(Dataset items)
- Opening Delimiter -

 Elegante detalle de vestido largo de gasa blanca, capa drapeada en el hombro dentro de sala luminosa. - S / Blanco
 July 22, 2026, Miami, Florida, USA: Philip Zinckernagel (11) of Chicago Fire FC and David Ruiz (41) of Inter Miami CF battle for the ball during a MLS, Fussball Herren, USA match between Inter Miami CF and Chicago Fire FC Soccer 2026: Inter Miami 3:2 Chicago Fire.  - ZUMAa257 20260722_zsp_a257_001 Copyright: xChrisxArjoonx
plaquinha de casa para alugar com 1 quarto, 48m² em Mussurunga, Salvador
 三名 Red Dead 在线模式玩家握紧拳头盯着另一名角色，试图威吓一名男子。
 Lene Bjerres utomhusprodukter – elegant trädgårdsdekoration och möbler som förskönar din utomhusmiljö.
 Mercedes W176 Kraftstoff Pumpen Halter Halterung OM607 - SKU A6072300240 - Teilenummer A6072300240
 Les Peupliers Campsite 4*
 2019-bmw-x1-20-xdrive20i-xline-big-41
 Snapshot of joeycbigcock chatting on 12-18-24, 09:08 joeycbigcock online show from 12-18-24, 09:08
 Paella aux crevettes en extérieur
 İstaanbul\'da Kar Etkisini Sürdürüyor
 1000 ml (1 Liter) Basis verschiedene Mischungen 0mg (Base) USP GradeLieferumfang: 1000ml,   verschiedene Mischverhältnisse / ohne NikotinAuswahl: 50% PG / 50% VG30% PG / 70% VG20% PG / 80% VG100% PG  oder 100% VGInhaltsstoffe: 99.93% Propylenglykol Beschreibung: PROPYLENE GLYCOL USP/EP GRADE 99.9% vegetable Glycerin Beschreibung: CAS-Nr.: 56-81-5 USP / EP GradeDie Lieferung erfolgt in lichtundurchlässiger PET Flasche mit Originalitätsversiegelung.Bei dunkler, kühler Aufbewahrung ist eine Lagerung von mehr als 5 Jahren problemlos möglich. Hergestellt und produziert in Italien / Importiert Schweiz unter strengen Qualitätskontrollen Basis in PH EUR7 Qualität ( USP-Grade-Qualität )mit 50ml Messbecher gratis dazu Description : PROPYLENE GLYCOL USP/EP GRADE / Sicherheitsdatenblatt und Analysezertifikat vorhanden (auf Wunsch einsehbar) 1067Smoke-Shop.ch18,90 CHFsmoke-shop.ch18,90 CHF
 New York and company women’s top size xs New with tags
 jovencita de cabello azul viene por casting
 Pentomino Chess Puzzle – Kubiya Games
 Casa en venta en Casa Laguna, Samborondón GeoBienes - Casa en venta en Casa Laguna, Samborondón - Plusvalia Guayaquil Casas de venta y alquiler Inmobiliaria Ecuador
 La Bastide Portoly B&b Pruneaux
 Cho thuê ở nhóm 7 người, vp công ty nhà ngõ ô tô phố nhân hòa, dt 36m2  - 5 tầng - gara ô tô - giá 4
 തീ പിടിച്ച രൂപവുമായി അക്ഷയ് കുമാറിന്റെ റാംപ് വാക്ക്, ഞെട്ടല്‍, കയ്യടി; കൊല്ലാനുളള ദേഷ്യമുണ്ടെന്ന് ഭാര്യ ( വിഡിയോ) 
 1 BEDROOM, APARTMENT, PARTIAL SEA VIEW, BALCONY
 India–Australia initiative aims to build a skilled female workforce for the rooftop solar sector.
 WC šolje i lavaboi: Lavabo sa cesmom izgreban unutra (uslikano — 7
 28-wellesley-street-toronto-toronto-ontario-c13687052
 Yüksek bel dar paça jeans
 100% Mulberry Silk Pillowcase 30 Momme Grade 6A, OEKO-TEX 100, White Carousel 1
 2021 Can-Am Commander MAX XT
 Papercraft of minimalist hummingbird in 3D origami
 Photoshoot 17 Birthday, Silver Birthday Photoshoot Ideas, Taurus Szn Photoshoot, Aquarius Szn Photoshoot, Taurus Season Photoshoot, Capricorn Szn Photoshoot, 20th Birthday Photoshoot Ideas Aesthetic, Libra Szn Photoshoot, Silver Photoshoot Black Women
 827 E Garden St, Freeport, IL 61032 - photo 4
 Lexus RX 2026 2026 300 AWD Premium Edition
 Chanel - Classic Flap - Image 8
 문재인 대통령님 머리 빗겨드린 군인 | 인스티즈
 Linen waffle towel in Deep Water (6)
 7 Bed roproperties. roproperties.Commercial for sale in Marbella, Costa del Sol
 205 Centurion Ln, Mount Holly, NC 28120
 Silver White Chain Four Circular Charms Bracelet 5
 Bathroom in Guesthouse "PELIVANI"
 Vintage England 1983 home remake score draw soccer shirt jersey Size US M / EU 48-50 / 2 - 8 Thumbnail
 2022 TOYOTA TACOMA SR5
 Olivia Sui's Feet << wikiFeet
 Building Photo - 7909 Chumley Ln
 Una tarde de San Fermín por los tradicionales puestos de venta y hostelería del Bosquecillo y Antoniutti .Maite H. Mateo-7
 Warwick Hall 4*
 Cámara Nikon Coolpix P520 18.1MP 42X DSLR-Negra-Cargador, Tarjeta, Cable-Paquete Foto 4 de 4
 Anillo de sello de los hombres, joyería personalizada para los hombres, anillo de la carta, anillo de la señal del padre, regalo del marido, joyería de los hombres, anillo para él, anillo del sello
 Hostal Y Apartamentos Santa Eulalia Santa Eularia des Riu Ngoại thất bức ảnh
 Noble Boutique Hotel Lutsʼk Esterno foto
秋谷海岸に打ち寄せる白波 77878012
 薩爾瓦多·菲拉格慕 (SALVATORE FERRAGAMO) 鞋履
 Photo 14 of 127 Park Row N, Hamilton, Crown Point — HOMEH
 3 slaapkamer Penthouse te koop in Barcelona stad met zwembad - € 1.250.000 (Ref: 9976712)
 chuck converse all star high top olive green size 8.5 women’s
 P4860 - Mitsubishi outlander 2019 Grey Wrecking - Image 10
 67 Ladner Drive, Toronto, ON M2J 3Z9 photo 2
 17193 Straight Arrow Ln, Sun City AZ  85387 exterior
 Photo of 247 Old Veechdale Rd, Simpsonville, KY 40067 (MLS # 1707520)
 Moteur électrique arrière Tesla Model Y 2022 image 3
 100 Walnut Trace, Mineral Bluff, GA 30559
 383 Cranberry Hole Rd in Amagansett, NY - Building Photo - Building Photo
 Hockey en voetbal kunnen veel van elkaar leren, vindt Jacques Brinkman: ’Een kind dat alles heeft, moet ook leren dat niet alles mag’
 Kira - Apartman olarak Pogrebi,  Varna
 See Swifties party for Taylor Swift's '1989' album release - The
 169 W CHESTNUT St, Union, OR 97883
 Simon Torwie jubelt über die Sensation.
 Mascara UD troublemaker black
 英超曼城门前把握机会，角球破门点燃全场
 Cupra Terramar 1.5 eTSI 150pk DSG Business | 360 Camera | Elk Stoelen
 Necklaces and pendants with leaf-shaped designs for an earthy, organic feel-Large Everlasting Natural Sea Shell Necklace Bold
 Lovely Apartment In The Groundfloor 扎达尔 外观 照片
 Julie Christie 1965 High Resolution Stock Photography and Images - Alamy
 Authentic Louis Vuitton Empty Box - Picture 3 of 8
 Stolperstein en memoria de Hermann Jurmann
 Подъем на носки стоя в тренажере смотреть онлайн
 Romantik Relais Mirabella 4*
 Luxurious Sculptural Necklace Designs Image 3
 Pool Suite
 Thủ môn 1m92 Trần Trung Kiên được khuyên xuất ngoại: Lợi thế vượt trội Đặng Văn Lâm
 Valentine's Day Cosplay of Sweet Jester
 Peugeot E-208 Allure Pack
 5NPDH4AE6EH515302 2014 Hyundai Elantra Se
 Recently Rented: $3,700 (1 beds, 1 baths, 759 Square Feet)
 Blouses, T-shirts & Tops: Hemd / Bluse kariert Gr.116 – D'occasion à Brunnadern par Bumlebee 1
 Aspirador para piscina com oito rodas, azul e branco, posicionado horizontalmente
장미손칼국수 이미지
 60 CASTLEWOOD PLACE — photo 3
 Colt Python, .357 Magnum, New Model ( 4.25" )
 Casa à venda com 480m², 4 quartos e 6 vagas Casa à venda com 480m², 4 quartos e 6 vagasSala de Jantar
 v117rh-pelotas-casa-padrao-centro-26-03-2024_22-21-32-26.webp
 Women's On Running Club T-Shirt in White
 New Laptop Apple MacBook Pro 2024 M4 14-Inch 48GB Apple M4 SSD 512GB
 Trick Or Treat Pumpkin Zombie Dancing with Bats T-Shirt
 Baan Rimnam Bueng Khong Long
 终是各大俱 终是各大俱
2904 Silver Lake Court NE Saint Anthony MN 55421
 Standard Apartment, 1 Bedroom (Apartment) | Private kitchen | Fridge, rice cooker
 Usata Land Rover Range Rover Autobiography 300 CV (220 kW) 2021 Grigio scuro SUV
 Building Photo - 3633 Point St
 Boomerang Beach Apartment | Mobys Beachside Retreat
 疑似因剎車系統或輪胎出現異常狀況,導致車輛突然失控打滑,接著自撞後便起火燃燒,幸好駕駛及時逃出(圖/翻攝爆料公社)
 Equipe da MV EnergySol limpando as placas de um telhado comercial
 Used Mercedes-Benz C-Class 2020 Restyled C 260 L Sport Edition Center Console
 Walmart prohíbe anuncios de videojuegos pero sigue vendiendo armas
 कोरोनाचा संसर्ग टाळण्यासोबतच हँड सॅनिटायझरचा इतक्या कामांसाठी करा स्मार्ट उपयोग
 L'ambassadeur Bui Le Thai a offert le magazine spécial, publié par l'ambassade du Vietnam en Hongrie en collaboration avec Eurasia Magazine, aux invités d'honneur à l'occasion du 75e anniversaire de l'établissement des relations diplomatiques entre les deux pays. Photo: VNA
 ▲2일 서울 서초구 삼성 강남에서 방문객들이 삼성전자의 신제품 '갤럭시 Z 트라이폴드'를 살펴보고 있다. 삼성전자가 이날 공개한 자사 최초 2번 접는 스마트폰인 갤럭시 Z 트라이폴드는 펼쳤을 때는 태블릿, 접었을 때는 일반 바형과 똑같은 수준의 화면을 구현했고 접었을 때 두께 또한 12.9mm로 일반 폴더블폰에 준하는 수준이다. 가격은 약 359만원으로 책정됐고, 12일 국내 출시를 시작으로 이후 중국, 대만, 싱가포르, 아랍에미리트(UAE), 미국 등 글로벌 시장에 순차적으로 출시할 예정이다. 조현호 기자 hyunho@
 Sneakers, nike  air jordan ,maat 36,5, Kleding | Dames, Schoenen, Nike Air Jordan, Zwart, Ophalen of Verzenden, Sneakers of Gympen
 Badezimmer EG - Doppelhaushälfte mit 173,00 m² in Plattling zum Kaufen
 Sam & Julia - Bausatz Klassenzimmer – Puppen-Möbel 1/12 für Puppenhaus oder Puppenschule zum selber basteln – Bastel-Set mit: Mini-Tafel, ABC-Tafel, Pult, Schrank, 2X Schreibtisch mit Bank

- Closing Delimiter -

Action item => Please, from the entries above, set down exactly the lines from the one containing "3 slaapkamer Penthouse" through the one containing "Luxurious Sculptural Necklace", and only those.

The answer =>
 3 slaapkamer Penthouse te koop in Barcelona stad met zwembad - € 1.250.000 (Ref: 9976712)
 chuck converse all star high top olive green size 8.5 women’s
 P4860 - Mitsubishi outlander 2019 Grey Wrecking - Image 10
 67 Ladner Drive, Toronto, ON M2J 3Z9 photo 2
 17193 Straight Arrow Ln, Sun City AZ  85387 exterior
 Photo of 247 Old Veechdale Rd, Simpsonville, KY 40067 (MLS # 1707520)
 Moteur électrique arrière Tesla Model Y 2022 image 3
 100 Walnut Trace, Mineral Bluff, GA 30559
 383 Cranberry Hole Rd in Amagansett, NY - Building Photo - Building Photo
 Hockey en voetbal kunnen veel van elkaar leren, vindt Jacques Brinkman: ’Een kind dat alles heeft, moet ook leren dat niet alles mag’
 Kira - Apartman olarak Pogrebi,  Varna
 See Swifties party for Taylor Swift's '1989' album release - The
 169 W CHESTNUT St, Union, OR 97883
 Simon Torwie jubelt über die Sensation.
 Mascara UD troublemaker black
 英超曼城门前把握机会，角球破门点燃全场
 Cupra Terramar 1.5 eTSI 150pk DSG Business | 360 Camera | Elk Stoelen
 Necklaces and pendants with leaf-shaped designs for an earthy, organic feel-Large Everlasting Natural Sea Shell Necklace Bold
 Lovely Apartment In The Groundfloor 扎达尔 外观 照片
 Julie Christie 1965 High Resolution Stock Photography and Images - Alamy
 Authentic Louis Vuitton Empty Box - Picture 3 of 8
 Stolperstein en memoria de Hermann Jurmann
 Подъем на носки стоя в тренажере смотреть онлайн
 Romantik Relais Mirabella 4*
 Luxurious Sculptural Necklace Designs Image 3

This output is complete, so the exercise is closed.